The BSD people knew this was a hack; they just did it anyway, probably because it was a very handy hack in their trusted local network environment. Unix has quietly inherited it ever since.

(Privileged ports are often called 'reserved ports', as in 'reserved for root only'. Even the 4.1c BSD usage here is inconsistent; the actual #define is IPPORT_RESERVED, but things like the rlogind manpage talk about 'privileged port numbers'. Interestingly, in 4.1c BSD the source code for the r* programs is hanging out in an odd place, in /usr/src/ucb/netser, along with several other things. By the release of 4.2 BSD, they had all been relocated to /usr/src/ucb and /usr/src/etc, where you'd expect.)

PS: Explicitly using a privileged port when connecting to a server is one of the rare cases when you need to call bind() for an outgoing socket, which is usually something you want to avoid.

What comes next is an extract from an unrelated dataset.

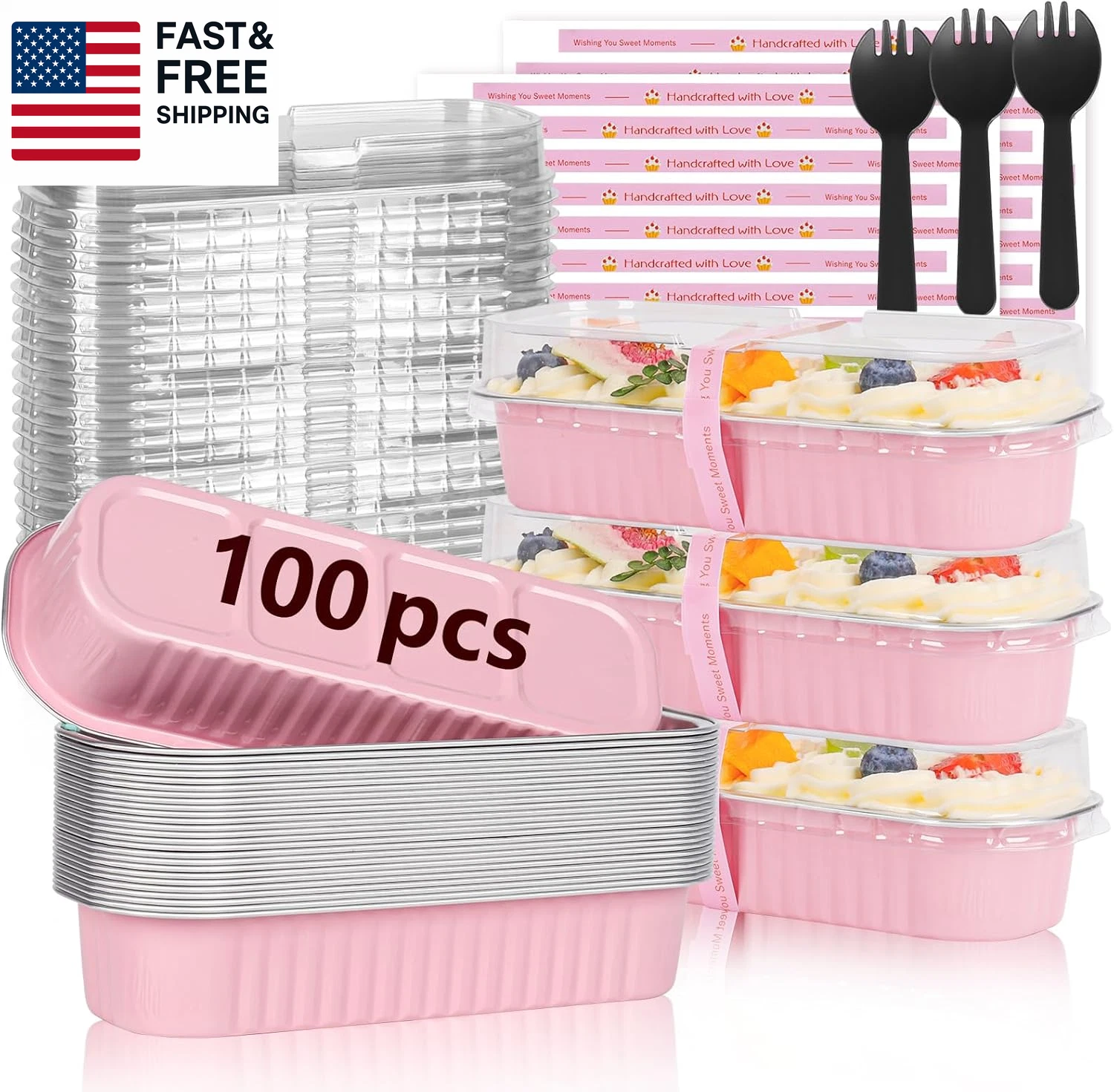 100 Pack Mini Loaf Pans with Lids and Spoons Sealing Sticker, 6.8Oz Mini Cake Pa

Sidebar: The BUGS section of rlogind and rshd is wise

In the style of Unix manpages admitting big issues that they don't have any good way of dealing with at the moment, the manpages of both rlogind and rshd end with:

.SH BUGS
The authentication procedure used here assumes the
integrity of each client machine and the connecting
medium.  This is insecure, but is useful in an ``open''
environment.

.PP
A facility to allow all data exchanges to be encrypted
should be present.

These issues would stay for a decade or so, getting slowly more significant over time, until they were finally fixed by SSH in 1995. Well, starting in 1995, the switch wasn't exactly instant and even now the process of replacing rsh and rlogin is sort of ongoing (and also).

BSDRcmdsAndPrivPorts written at 00:38:16; Add Comment

2017-06-17

One reason you have a mysterious Unix file called 2 (or 1)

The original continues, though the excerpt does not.